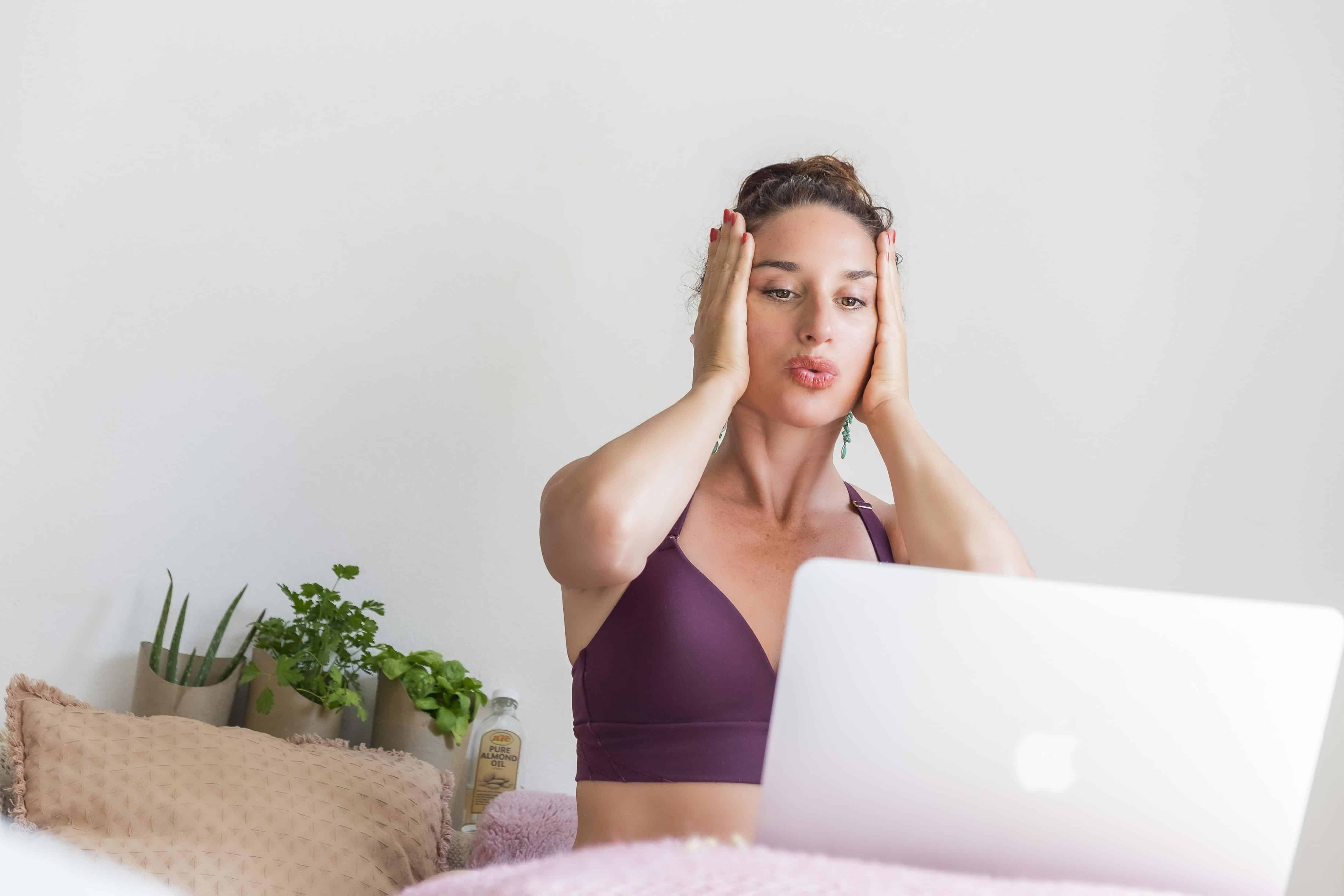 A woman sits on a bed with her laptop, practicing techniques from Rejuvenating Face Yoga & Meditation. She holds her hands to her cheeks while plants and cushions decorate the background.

+ + +

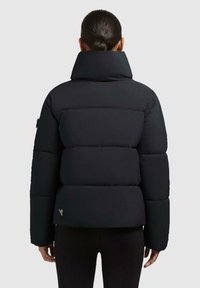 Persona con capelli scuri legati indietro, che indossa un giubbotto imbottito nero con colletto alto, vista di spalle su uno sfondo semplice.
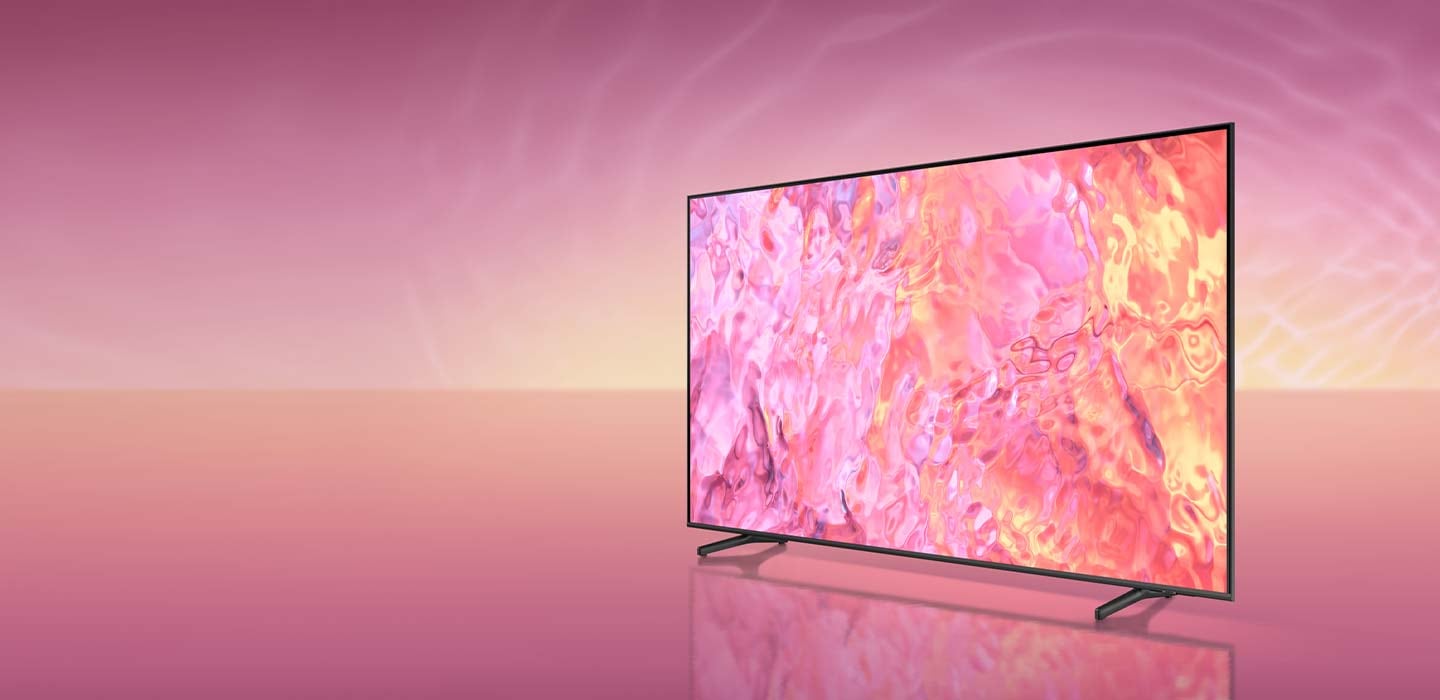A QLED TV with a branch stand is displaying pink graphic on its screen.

+ + +

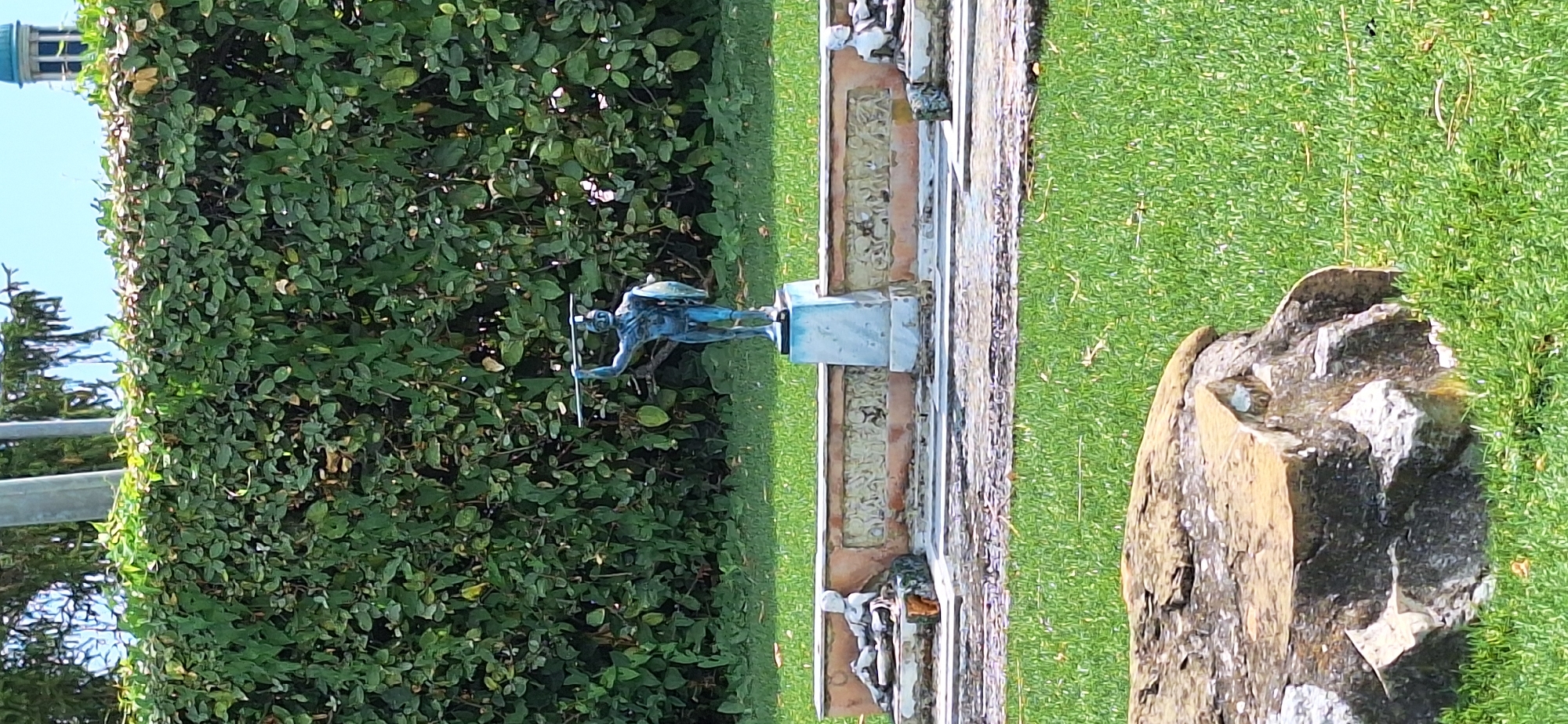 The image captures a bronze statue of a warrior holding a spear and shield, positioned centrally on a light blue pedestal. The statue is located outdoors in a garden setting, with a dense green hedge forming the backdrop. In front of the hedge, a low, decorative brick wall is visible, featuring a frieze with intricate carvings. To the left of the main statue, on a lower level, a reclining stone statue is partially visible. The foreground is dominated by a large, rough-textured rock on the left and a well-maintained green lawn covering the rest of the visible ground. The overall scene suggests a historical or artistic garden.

+ + +

[Work task] Write back word for word every line in the entries above from the one with "Persona con capelli" to the one with "A QLED TV with", ends included, and none of the pictures.

[Exercise response]
 Persona con capelli scuri legati indietro, che indossa un giubbotto imbottito nero con colletto alto, vista di spalle su uno sfondo semplice.
A QLED TV with a branch stand is displaying pink graphic on its screen.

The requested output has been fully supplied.